Итак, вручение оружия побуждает юношу отличиться на войне. Нет явственного следа какого-либо предварительного испытания, тем более «инициации». Если нужны испытания, они происходят после вручения оружия, в последовательности, характерной и для средневекового посвящения в рыцари, — и обратной инициационным обычаям. Кстати, очень симптоматично, что Тацит, описав, что отныне молодой человек принадлежит племени, как римлянин, предназначенный в магистраты, сразу же изображает, как этот молодой человек вступает в дружину, которая поразительно напоминает дружину средневековых вассалов.
«Выдающаяся знатность и значительные заслуги предков даже еще совсем юным доставляют достоинство вождя» — или, может быть, «милость вождя»? «Все прочие собираются возле отличающихся телесной силой и уже проявивших себя на деле, и никому не зазорно состоять их дружинниками».
Точно та же проблема встанет в связи с мешаниной зависимостей и понятий о чести в «феодальном» оммаже. Здесь, правда, ритуала оммажа нет, но есть некое подобие «присяги», а также «звания» в дружине, которые дает вождь.
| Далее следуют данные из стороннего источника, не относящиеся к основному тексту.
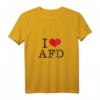 Damen Pro AFD – I Love AFD Wahlen 2021 T-Shirt mit V-Ausschnitt – Perfektes Fan-Design für AfD-Unterstützer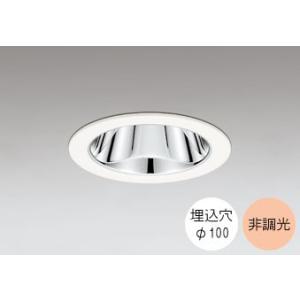 ダウンライト 100φ埋込穴 LED内蔵 100W相当 電球色 オレンジ色の光 調光不可 軒下取付専...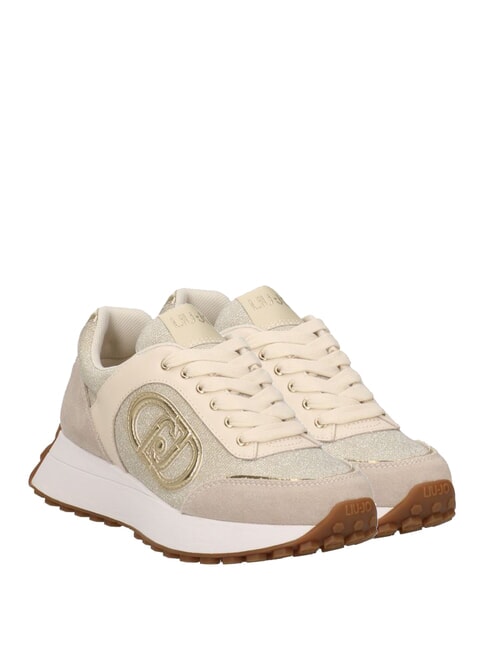 LIUJO LOLO 17 Baskets à paillettes sable - Chaussures Femme
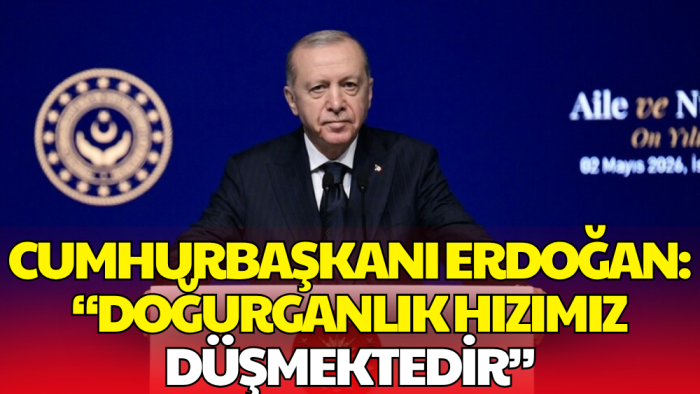 Cumhurbaşkanı Erdoğan: Rakamlar Tedirgin Edici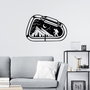 Wallity Camp Life Accesorio de Pared de Metal Negro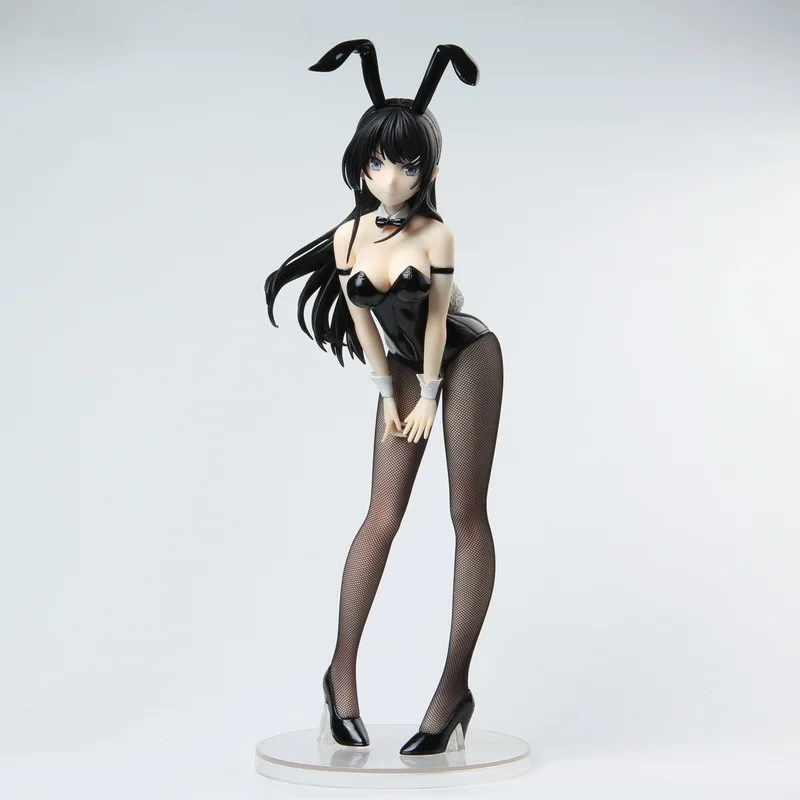GZTZMY 25cm Anime Rascal Does Not Dream of Bunny Girl Sakurajima Mai Sexy girl PVC Action Figures toy figure gift | Игрушки и хобби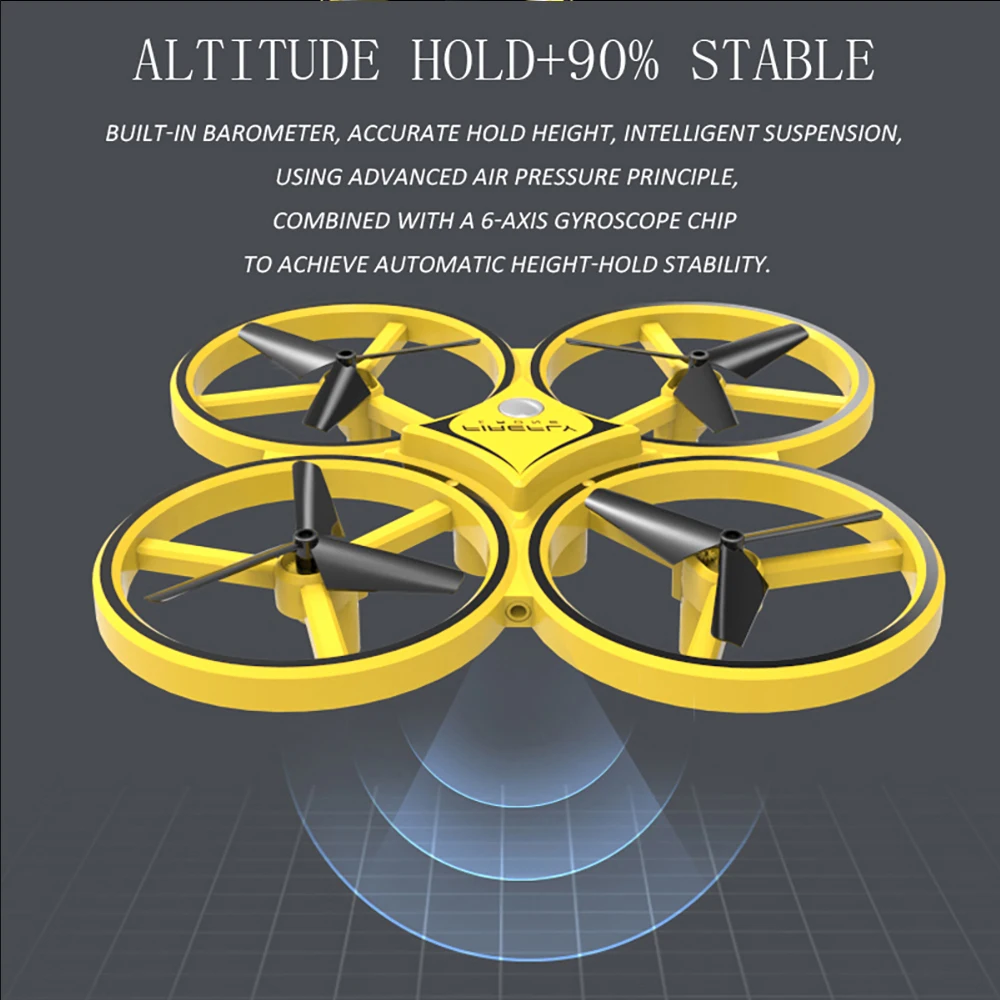 Мини самолет Квадрокоптер индукционный Дрон Смарт часы с дистанционным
Только это и помогает нам не спутать сотый год с тысячным[9].
Отмечено также, что в эти элитные отряды кого попало не допускают. Престиж предков, заслуги отца, то есть признанные достоинства, репутация в обществе — вот критерий отбора. И, несомненно, память о предках в то же время побуждает искать возможности блеснуть. Так что во мнении общества знатность и доблесть должны ассоциироваться друг с другом[10]. По крайней мере всё рассчитано на то, чтобы эта ассоциация выглядела естественной либо ее «обнаруживали» в большинстве случаев.
«И если дружинники упорно соревнуются между собой, добиваясь преимущественного благоволения вождя, то вожди — стремясь, чтобы их дружина была наиболее многочисленной и самой отважною».
Далее, в сражении — или, скорее, в «схватке»: «Постыдно вождю уступать кому-либо в доблести (virtus), постыдно дружине не уподобляться доблестью своему вождю. А выйти живым из боя, в котором пал вождь, — бесчестье и позор на всю жизнь; защищать его, оберегать, совершать доблестные деяния, помышляя только о его славе, — первейшая их обязанность». Такой подход сосредоточивает все внимание на вожде (princeps) в ходе схваток, во время которых, видимо, их участники успевают замечать и некоторым образом подсчитывать подвиги. Особо отметим, что этот институт дружины, превознося доблесть вождя, предъявляет к нему строго те же самые требования, что и к его «дружинникам». Он выдерживает испытание в глазах общества и состязается с другими вождями. Именно в этом германское общество особенно отличается от Римской империи, сближается со всеми «ранними» воинскими культурами Америки, Африки и Евразии и предвосхищает средневековое рыцарство.
Итак, стимул для всех — честь. Тем не менее нужны и ощутимые компенсации, чтобы конкретизировать честь или обеспечить получение некоторого удовольствия после совершённых усилий. «Содержать большую дружину можно не иначе, как только насилием и войной; ведь от щедрости своего вождя они требуют боевого коня, той же жаждущей крови и победоносной фрамеи; что же касается их пропитания и хоть простого, но обильного угощения на пирах, то они у них вместо жалованья». В конечном счете «возможности для подобного расточительства доставляют им лишь войны и грабежи». Бывает ли, чтобы воинская честь предполагала полное безразличие к материальным благам? Существует ли чистая духовность воина?
Простодушные и грубые, если верить Тациту, эти германцы сотого года были ограничены в вооружении. Защита слабая: никакого панциря, кроме щита. Никакого изощренного оружия, кроме копья, которое называли фрамеей, и дротика. И конница у них не имеет решающего значения и чрезмерной мощи — она смешивается с пехотой. Фактически Тацит не говорит ни о каком превосходстве конного над пешим. Оба соседствуют и взаимодействуют в бою. Некоторые народы Германии лучше проявляют себя как кавалеристы, другие — как пехотинцы, и это не прибавляет гордости и славы первым в ущерб вторым. Конница не имеет столько старших козырей, сколько получит в Средние века: у нее нет стремян, и кони посредственного качества.